Thanks so much for the comments!  I have to ask though, and I realize that this is going to seem very stupid, but what is my 'groovy little stance'?  I pretty much stand like I've always stood, I think.  I realize I'm not in a Seisan (feet parallel) but more of a Seiunchin (feet splayed).  As  Touch of Death noticed below, my back foot is quite often at 90 degrees to my fight line.  Is that a bad habit or just natural for me?  I realize that in the dojo, we don't stand like that when practicing our basics, we stand Seisan.  However, for what it may be worth (perhaps nothing), I have always been splayfooted, to the extent that people I had not seen in 20 years recognized me from my childhood simply because of the way I stand.  I find it difficult to stand for any length of time with my feet parallel to each other, and my Naihanchi stance is a sheer horror for Sensei to look at and for me to perform!

Anyway, I'm not clear on what 'my stance' actually is; can you explain what it is I'm doing?  I am not doing on purpose, it's just my natural foot placement if I don't think about it.  Is it good, bad, etc?


----------



## Bill Mattocks (Aug 15, 2011)

Sukerkin said:


> Good right hook at around 3 minutes into the video .  If that'd been for real ...



Did you notice he got the point for it?   I blocked that kick well, I thought.  I didn't mean to throw the right cross into his face, it actually came without me thinking about it.  I apologized to him afterwards.

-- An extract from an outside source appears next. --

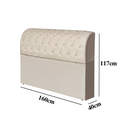Ver imagem 3 de Cabeceira Antonella Estofada Bege para Cama Box Queen 160cm com Bau Organizador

> nice 'ankle breaking' block at about 4 minutes too :bows:.



Yeah, but it came down as he withdrew his kick from my big belly.  Hehehe.  If it were for real, yeah, because I do so many situps that I can take a kick; that gut is big but rock-hard.  But for point-sparring, I was a day late, and a dollar short.



> You do yourself a disservice when playing yourself down a bit, mate.  It's not my style but I've seen a lot of martial arts over the past thirty-odd years and, as far as I could tell, you were not outclassed in those bouts.  You move pretty good for a big fellow and I would be knocked into the middle of next week if you clocked me with one of those kicks with serious intent :tup:.



Thank you for the kind words.  Here's what I'm discovering after sparring again this last weekend (and I have another coming up the weekend after this coming weekend); I need more sparring training.  More than I get competing (which is too expensive for 'lessons' anyway).  We spar in my dojo, but we don't do 'point sparring' in that sense.  Yes, we talk about getting off the line fast, scoring points, working the angles, and getting off the fight line so as to not fight in such a linear fashion, but it's not exactly what I think I need.  There's a TKD dojo about a half-hour drive from me that has 'fight night' ever Friday night, and I'm friends with the sensei there.  I'm thinking of asking if I can pay to participate in his Friday night in-house fights so I can get the sheer number of hours that I think I need if I am every going to develop some good ingrained habits.

One thing I'm noticing about myself is that I get some really good advice, I think about it, I decide to do it, and then it flies right out of my punkin' haid at fight time. I just do what seems natural at the time.  Dumb, but I don't know how to break that habit other than by practice, practice, practice.

What do you think?


----------



## Stealthy (Aug 15, 2011)

The stance you slip into at 1:55 is the one I am referring to as the super groovy little stance of awesomeness because it is.

I didn't critique your normal fighting stance, it is a little narrow but otherwise not too bad.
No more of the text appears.